毫无疑问,于这一夜的午夜零点整,于薄帝国钟声准时响起的刹那,只听天幕所播报的是:“现播报西幻大陆神权者排行榜。”
——“神权榜第一位——人族,薄光。”
第78章 神权榜(六)
又是银白鎏光。
然而神鸣榜上的白光是猎枪是箭矢, 今夜的银白光芒却犹如一场无止无尽的洪水,它自天而始至地不绝,只一瞬便仿佛要让世界都为之倾倒。
而当这场铺天盖地的洪水顺势而落的刹那, 顿时与先前持续了九天九夜的暴雨纠缠在了一起。又因其过于浩荡的声势和那冷而璀璨的光亮,骤然看去,竟仿佛连暴雨也在避它锋芒。
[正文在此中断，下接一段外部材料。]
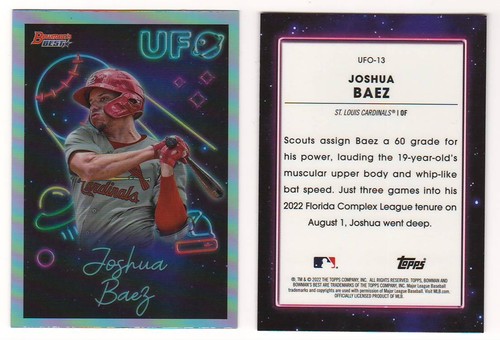 Joshua baez 2022 - joshua, best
即便之后这道银白洪流又回旋着冲回了榜首的姓名栏中,一字字汇聚成“人族,薄光”的字样,但先前被淹没的雨水却已然没了复起之意。
因为此时此刻,于离天幕最近的众神殿中, 那位造就了多日暴雨的神明正低笑着抬手, 似拭去似摩挲地划过刚才偶然溅在他咽喉的光点, 显然心情颇为愉悦。
并且不仅是此刻位于首座的阿蒙。
透过先前那携光之雨的折射, 无论是埃或阿尔法, 今夜看着都罕见地平和。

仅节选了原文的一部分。